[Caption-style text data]
********
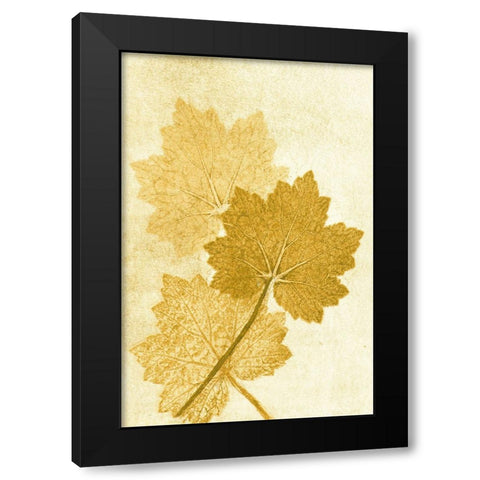 Alumroo Amber Black Modern Wood Framed Art Print with Double Matting by Folcarelli, Pernille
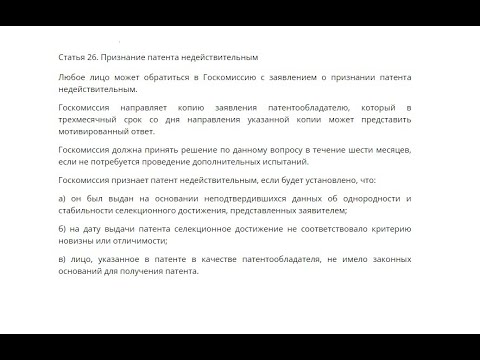 Видео: Кто же находится на самом верхнем уровне поддержки мифа о карачаевской породе лошади?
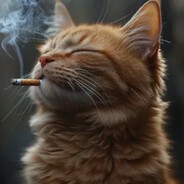 Ch1p$ - steam id 76561199078939482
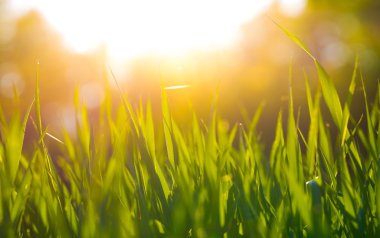 güzel yeşil çim arka plan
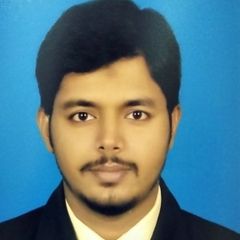 Mohammed Mahir Ameen, IT Consultant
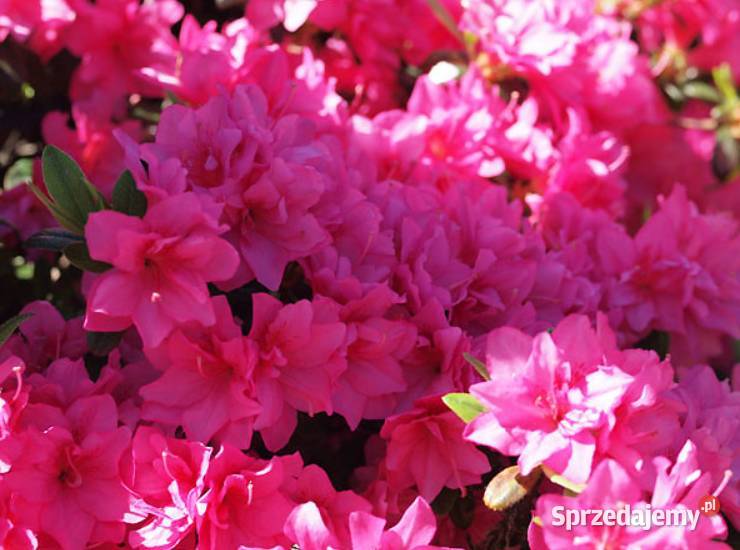 Azalia Japońska miniaturka ogrodowa Liściaste Knurów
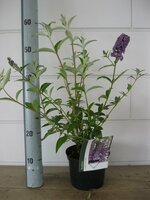 Buddleja d. 'Empire Blue' pot 15, h 50 cm - afbeelding 1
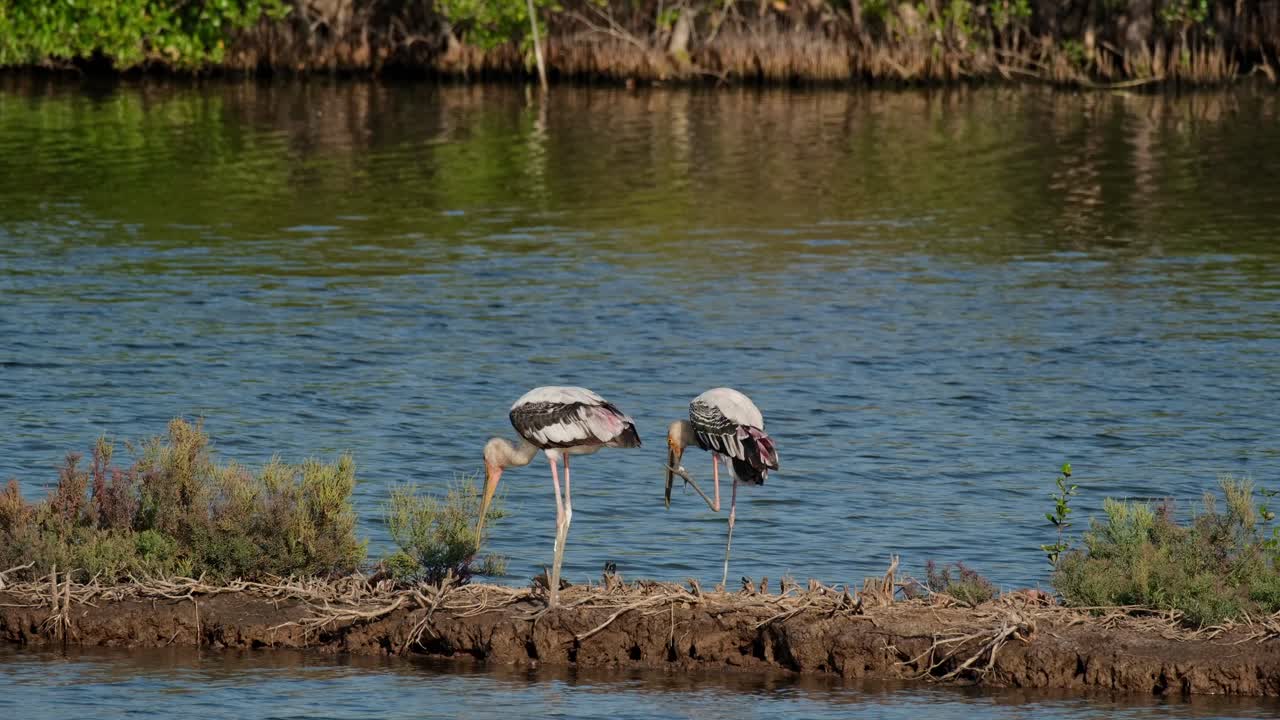 uno a la izquierda alcanzando el suelo con su pico mientras que el otro a la derecha rasca su pico con su pie izquierdo, cigüeña pintada mycteria leucocephala, tailandia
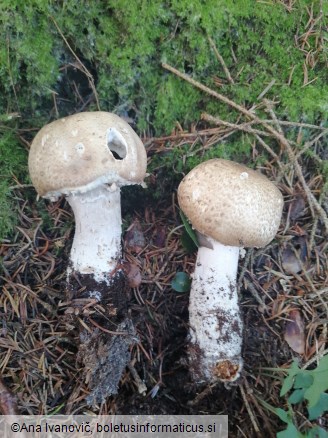 Agaricus augustus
********
» THE PROBLEM: Each record above needs to be copied exactly, with images left out.

» RESPONSE TO THE TASK:
 Alumroo Amber Black Modern Wood Framed Art Print with Double Matting by Folcarelli, Pernille
 Видео: Кто же находится на самом верхнем уровне поддержки мифа о карачаевской породе лошади?
 Ch1p$ - steam id 76561199078939482
 güzel yeşil çim arka plan
 Mohammed Mahir Ameen, IT Consultant
 Azalia Japońska miniaturka ogrodowa Liściaste Knurów
 Buddleja d. 'Empire Blue' pot 15, h 50 cm - afbeelding 1
 uno a la izquierda alcanzando el suelo con su pico mientras que el otro a la derecha rasca su pico con su pie izquierdo, cigüeña pintada mycteria leucocephala, tailandia
 Agaricus augustus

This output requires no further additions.